[Short descriptive text snippets]
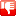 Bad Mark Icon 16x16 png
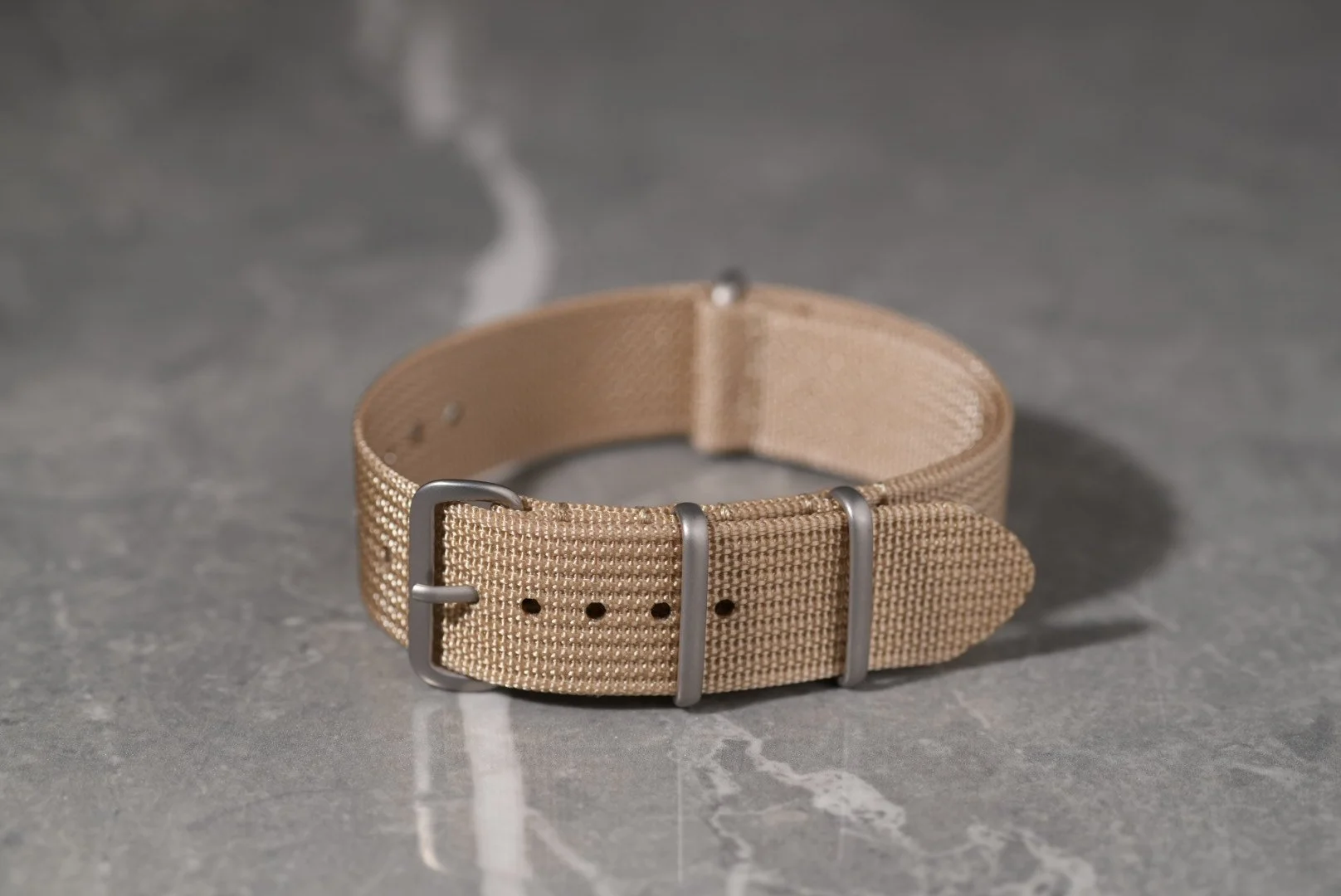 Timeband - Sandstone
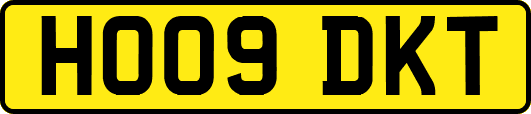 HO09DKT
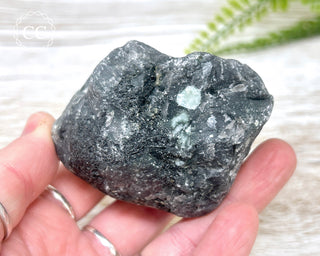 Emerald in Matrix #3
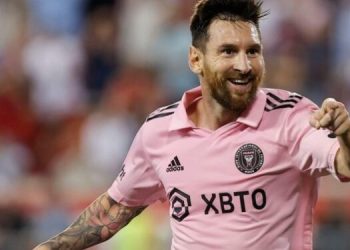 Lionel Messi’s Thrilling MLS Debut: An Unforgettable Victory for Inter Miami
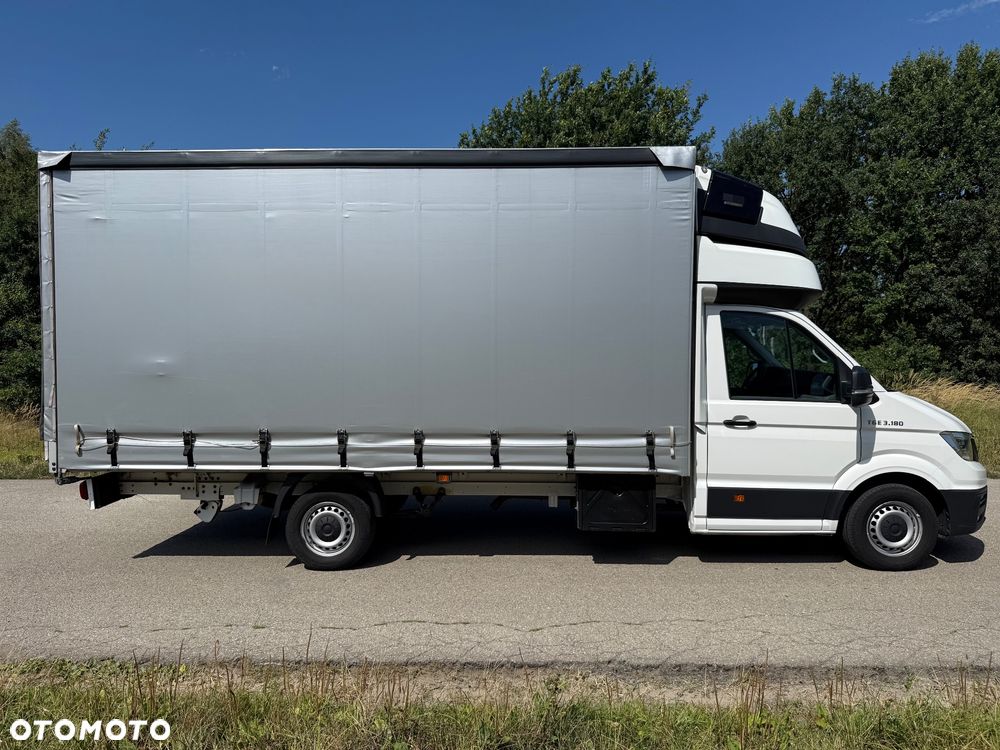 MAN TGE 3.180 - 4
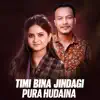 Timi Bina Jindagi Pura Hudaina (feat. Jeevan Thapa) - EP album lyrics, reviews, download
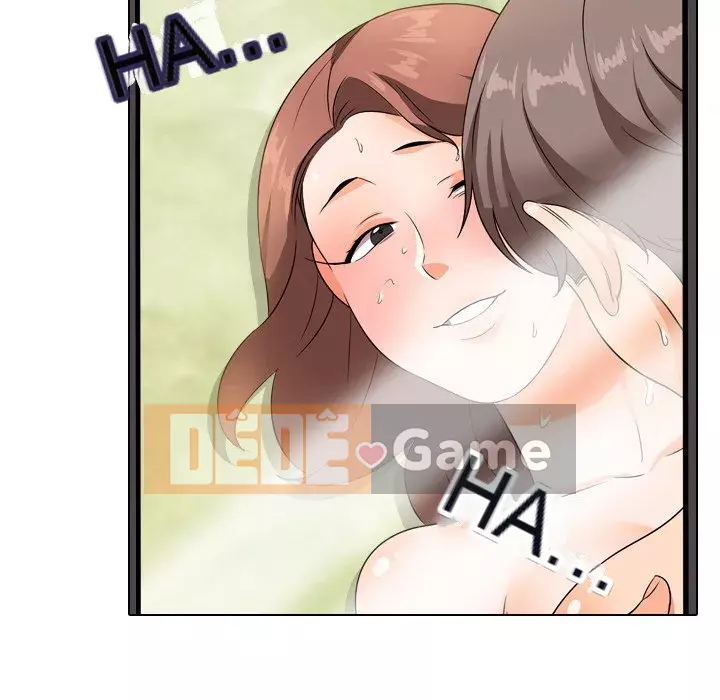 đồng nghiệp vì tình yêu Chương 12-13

• [WHAT YOU HAVE TO DO]:
Would you please print the entries once more, word for word, minus the pictures?

• [RESPONSE TO THIS TASK]:
 Bad Mark Icon 16x16 png
 Timeband - Sandstone
 HO09DKT
 Emerald in Matrix #3
 Lionel Messi’s Thrilling MLS Debut: An Unforgettable Victory for Inter Miami
 MAN TGE 3.180 - 4
 Timi Bina Jindagi Pura Hudaina (feat. Jeevan Thapa) - EP album lyrics, reviews, download
 đồng nghiệp vì tình yêu Chương 12-13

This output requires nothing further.